Assume you're given a table Twitter tweet data, write a query to obtain a histogram of tweets posted per user in 2022. Output the tweet count per user as the bucket and the number of Twitter users who fall into that bucket.

In [None]:
SELECT tweet_count_per_user AS tweet_bucket, COUNT(user_id) users_num
FROM
  (SELECT user_id, COUNT(*) tweet_count_per_user
  FROM tweets
  WHERE to_char(tweet_date::DATE, 'YYYY') = '2022'
  GROUP BY user_id) tweet_per_user
GROUP BY 1


SELECT 
  tweet_count_per_user AS tweet_bucket, 
  COUNT(user_id) AS users_num 
FROM (
  SELECT 
    user_id, 
    COUNT(tweet_id) AS tweet_count_per_user 
  FROM tweets 
  WHERE tweet_date BETWEEN '2022-01-01' 
    AND '2022-12-31'
  GROUP BY user_id) AS total_tweets 
GROUP BY tweet_count_per_user

Given a table of candidates and their skills, you're tasked with finding the candidates best suited for an open Data Science job. You want to find candidates who are proficient in Python, Tableau, and PostgreSQL.

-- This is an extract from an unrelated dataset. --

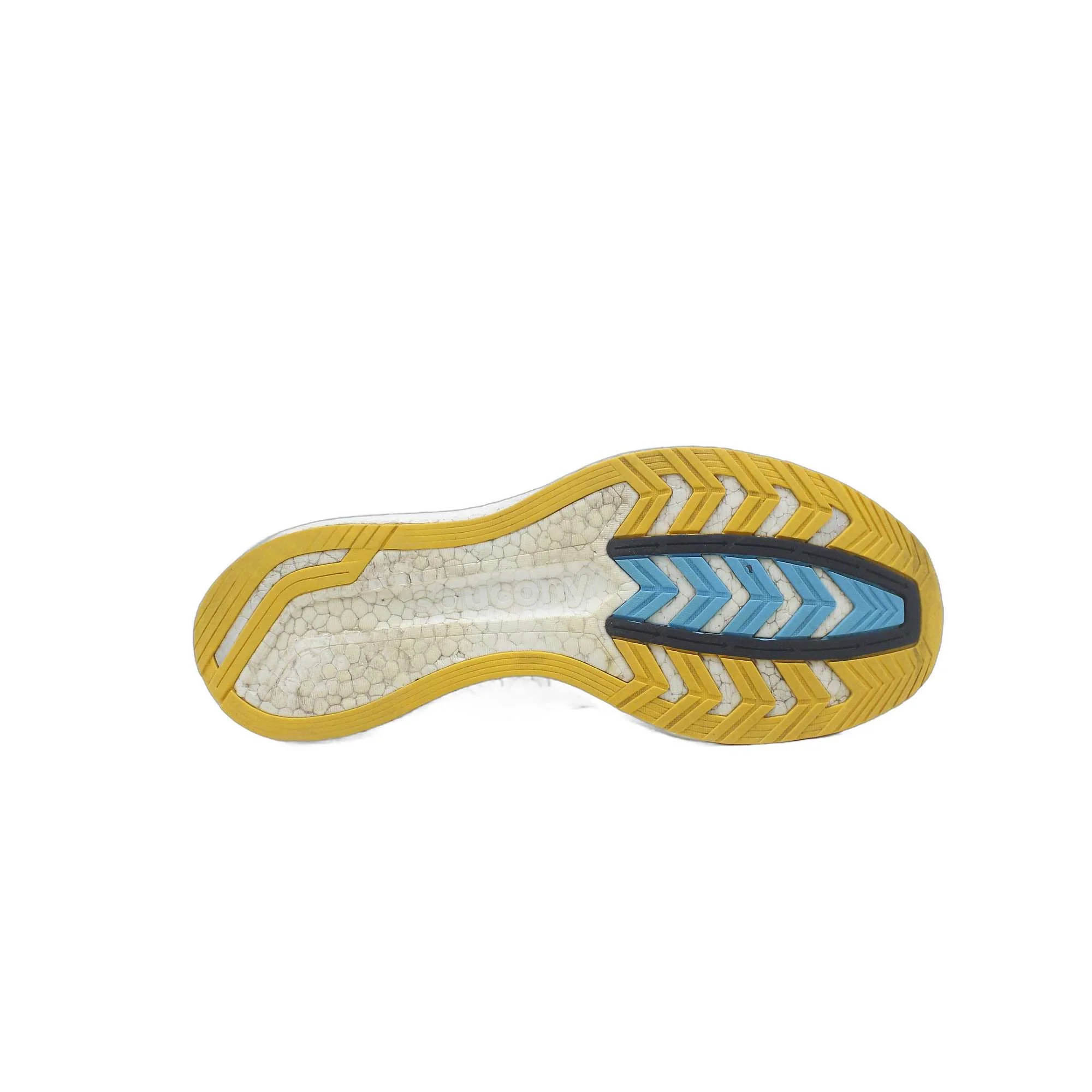 Saucony Mens Endorphin Speed 2 Running Shoe - Image 3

Write a query to list the candidates who possess all of the required skills for the job. Sort the output by candidate ID in ascending order.

Assumption:

There are no duplicates in the candidates table:

| Column Name  | Type    |
| :----------- | :------ |
| candidate_id | integer |
| skill        | varchar |

Example Input:

| candidate_id | skill      |
| :----------- | :--------- |
| 123          | Python     |
| 123          | Tableau    |
| 123          | PostgreSQL |
| 234          | R          |
| 234          | PowerBI    |
| 234          | SQL Server |
| 345          | Python     |
| 345          | Tableau    |


In [None]:
SELECT candidate_id
FROM candidates
GROUP BY candidate_id
HAVING 'Python' = ANY(ARRAY_AGG(skill))
AND 'Tableau' = ANY(ARRAY_AGG(skill))
AND 'PostgreSQL' = ANY(ARRAY_AGG(skill))
ORDER BY 1

SELECT candidate_id
FROM candidates
WHERE skill IN ('Python', 'Tableau', 'PostgreSQL')
GROUP BY candidate_id
HAVING COUNT(*) = 3
ORDER BY candidate_id

Write a solution to find the second highest salary from the Employee table. If there is no second highest salary, return null (return None in Pandas).

In [None]:
WITH rankings AS (
    SELECT salary, DENSE_RANK() OVER (ORDER BY salary DESC) rank_
    FROM Employee
)
SELECT COALESCE(
    (SELECT DISTINCT salary FROM rankings WHERE rank_ = 2), NULL) AS "SecondHighestSalary";


SELECT COALESCE(
    (
    SELECT DISTINCT salary
    FROM Employee
    ORDER BY salary DESC
    OFFSET 1 LIMIT 1),
    NULL
) AS "SecondHighestSalary"
FROM Employee
LIMIT 1


SELECT MAX(salary) AS "SecondHighestSalary"
FROM Employee
WHERE salary < (SELECT MAX(salary) FROM Employee)

In [None]:
import pandas as pd

def second_highest_salary(employee: pd.DataFrame) -> pd.DataFrame:
    
    salaries = employee['salary'].drop_duplicates()
    salaries.sort_values(ascending=False, inplace=True)
    return pd.DataFrame({'SecondHighestSalary' : [salaries.iloc[1] if salaries.shape[0] > 1 else None]})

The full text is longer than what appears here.